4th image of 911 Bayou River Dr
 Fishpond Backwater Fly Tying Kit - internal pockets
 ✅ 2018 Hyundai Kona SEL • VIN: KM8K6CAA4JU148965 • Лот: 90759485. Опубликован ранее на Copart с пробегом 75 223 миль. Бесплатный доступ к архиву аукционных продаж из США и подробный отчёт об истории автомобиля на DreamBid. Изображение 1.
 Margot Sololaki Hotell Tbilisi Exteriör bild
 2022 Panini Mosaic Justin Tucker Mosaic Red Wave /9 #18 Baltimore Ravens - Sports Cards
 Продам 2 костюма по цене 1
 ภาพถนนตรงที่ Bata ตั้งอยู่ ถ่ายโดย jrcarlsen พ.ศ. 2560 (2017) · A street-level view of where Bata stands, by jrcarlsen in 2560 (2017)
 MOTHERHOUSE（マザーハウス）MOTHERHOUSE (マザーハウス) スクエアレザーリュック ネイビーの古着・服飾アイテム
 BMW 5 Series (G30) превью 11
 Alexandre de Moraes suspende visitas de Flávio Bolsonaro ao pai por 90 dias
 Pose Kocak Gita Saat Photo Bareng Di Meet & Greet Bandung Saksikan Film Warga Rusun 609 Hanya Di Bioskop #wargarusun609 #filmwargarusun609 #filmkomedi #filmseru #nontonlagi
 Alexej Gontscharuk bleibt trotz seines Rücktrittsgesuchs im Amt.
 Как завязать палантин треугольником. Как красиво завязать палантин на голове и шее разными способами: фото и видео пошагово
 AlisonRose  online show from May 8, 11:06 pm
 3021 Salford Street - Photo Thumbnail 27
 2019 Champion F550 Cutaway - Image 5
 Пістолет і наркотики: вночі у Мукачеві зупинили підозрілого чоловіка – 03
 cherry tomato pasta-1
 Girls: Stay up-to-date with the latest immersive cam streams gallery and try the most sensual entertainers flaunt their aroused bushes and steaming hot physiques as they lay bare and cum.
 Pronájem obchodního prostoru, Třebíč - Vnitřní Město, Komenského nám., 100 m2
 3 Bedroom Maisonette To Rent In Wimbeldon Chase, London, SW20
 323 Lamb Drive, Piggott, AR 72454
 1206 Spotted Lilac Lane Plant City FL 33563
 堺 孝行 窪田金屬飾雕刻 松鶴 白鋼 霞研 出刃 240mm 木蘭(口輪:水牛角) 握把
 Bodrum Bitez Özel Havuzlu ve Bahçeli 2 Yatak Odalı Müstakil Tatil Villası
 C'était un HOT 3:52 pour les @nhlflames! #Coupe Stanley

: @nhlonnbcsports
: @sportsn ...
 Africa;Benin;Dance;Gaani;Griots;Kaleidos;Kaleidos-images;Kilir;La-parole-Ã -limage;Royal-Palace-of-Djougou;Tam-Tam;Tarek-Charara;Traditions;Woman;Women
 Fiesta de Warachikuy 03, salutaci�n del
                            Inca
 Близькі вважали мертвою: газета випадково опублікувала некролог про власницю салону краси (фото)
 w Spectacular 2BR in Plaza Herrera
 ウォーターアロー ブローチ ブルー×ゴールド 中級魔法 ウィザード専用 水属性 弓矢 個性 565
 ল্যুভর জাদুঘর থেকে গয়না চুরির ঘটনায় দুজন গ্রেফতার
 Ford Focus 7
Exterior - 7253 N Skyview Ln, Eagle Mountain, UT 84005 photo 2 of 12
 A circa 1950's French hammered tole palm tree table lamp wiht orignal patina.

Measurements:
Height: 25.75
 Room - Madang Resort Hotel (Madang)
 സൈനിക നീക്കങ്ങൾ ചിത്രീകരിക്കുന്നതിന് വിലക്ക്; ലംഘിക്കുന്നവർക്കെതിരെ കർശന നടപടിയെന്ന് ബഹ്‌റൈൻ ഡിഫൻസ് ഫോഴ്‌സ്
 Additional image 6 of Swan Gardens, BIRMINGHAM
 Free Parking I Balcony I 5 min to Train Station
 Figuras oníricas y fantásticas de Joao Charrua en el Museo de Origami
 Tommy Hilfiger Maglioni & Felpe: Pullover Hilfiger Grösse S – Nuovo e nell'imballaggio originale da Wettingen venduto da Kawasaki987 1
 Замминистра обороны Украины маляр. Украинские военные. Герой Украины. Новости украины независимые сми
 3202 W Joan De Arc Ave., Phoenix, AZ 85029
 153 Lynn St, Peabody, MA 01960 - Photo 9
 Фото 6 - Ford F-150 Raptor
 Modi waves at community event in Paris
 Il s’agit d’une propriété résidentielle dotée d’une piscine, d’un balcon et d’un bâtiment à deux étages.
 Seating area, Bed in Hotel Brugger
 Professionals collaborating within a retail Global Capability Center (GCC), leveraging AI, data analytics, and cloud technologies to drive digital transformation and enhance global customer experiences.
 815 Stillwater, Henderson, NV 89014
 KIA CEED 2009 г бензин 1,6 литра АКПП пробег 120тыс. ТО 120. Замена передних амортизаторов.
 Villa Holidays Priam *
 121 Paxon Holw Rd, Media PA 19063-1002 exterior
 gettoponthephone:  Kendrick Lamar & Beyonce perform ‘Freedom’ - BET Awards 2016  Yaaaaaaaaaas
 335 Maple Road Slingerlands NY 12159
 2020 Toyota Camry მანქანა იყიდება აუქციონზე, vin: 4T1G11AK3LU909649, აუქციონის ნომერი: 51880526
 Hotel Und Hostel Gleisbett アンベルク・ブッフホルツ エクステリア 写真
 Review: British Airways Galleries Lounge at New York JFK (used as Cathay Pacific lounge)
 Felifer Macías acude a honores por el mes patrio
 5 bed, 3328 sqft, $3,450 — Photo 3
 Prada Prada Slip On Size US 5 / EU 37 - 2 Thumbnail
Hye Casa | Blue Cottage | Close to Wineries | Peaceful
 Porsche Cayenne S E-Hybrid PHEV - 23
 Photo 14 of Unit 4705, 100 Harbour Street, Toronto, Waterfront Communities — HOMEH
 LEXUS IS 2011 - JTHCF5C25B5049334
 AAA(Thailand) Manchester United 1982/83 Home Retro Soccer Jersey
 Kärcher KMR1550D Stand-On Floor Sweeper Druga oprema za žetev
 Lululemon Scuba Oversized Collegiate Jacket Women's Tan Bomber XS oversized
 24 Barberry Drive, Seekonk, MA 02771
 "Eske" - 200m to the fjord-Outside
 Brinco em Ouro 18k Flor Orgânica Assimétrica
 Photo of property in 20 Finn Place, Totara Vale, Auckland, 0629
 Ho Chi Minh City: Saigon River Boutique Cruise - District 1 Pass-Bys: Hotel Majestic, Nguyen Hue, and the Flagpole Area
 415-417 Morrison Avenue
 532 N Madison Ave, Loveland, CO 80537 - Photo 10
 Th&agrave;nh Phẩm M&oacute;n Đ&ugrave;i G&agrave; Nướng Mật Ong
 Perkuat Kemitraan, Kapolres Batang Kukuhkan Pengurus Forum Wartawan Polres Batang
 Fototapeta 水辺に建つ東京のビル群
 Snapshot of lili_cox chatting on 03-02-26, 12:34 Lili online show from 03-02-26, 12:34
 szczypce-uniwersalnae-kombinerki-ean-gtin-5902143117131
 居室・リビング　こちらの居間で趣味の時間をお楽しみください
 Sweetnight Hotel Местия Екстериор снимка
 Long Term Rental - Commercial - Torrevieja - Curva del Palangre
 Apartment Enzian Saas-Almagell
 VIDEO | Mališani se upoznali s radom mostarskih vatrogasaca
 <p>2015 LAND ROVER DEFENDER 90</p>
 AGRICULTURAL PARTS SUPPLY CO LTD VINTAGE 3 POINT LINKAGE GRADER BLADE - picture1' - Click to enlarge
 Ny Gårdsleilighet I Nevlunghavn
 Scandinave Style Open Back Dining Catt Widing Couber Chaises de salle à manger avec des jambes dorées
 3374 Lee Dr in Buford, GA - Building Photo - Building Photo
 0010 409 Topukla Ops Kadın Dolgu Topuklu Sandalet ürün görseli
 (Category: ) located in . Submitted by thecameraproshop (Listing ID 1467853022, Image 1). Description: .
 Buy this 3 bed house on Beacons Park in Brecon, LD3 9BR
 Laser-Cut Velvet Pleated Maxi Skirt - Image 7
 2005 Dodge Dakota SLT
-- -- --
Instructions for the task
Retype word for word everything in the listing above from the line that holds "ল্যুভর জাদুঘর থেকে" down to the line that holds "Room - Madang Resort Hotel (Madang)". Keep both end lines and leave out the rest.

Output of the exercise
 ল্যুভর জাদুঘর থেকে গয়না চুরির ঘটনায় দুজন গ্রেফতার
 Ford Focus 7
Exterior - 7253 N Skyview Ln, Eagle Mountain, UT 84005 photo 2 of 12
 A circa 1950's French hammered tole palm tree table lamp wiht orignal patina.

Measurements:
Height: 25.75
 Room - Madang Resort Hotel (Madang)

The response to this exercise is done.